Intervento di Dino Latini in occasione della seduta del Consiglio regionale dedicata al Giorno della Memoria - VIDEO
“Se comprendere è impossibile, conoscere è necessario, perché ciò che è accaduto può ritornare”. Sono parole di Primo Levi che il Presidente del Consiglio regionale, Dino Latini, ha scelto di riproporre nel suo intervento per la seduta aperta dell’Assemblea legislativa dedicata al “Giorno della Memoria”.
“Attraverso tutti i suoi apparati, la fabbrica della morte del Terzo Reich – ha proseguito – portò allo sterminio fisico di circa 15 milioni di persone considerate inferiori e indesiderabili per motivi razziali e politici”.
Per evitare il rischio di ridurre il tutto ad “un superficiale resoconto di numeri, date e foto scolorite dal tempo”, secondo Latini è necessario “narrare le storie delle persone, percepire i loro sentimenti, il dolore e la disperazione”.
Tra tante, il Presidente porta in primo piano quella di Gena Turgel, divenuta poi “la Sposa di Belsen”. Ragazzina polacca di 16 anni sopravvisse a quattro campi di concentramento, alla camera a gas ed ebbe anche l’occasione di conoscere e curare Anna Frank. Quando il campo di sterminio di Bergen – Belsen fu liberato dagli inglesi conobbe un giovane ufficiale dell’esercito, Norman Turgel, che divenne suo marito.
Visse fino a 95 anni con i tre figli e ben otto nipoti.
“Ho voluto narrare questa storia – ha sottolineato il Presidente – perché rappresenta un segno di speranza, di rinascita e di come, anche di fronte alla disperazione assoluta, la vita riserva sempre gioie inaspettate e la forza dell’amore supera anche la miseria umana. L’ho voluta narrare per riaffermare che tutti gli esseri umani nascono liberi ed uguali in dignità e diritti, come sancito dalla Dichiarazione universale sugli stessi diritti umani”.

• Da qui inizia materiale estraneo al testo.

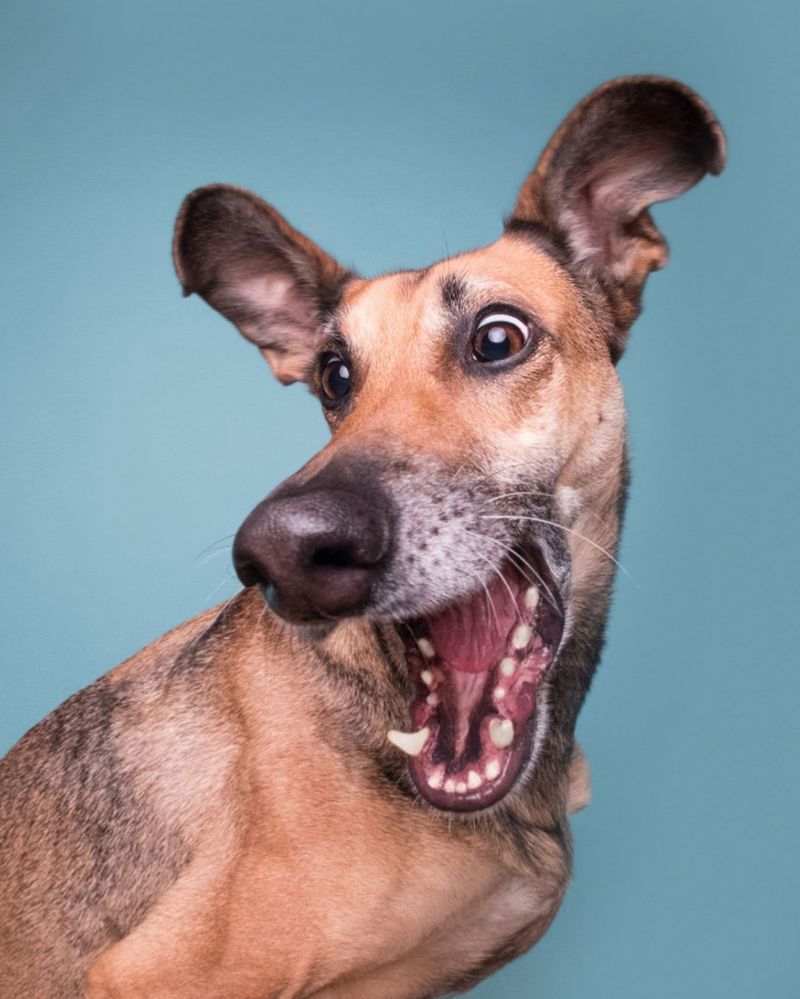 Ganadores del Comedy Pet Photography Awards 2020, las fotografías más divertidas de mascotas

E per non perdere la vera essenza del “Giorno della Memoria”, un richiamo al monito lanciato da Liliana Segre nel suo intervento nell’Aula del Senato lo scorso 18 gennaio. I viaggi della Memoria “non sono gite”, ad Auschwitz “si va in silenzio, con vestiti adeguati” come “in un santuario”, in “un modo civile, religioso, nostalgico” e “magari avendo saltato la colazione del mattino”.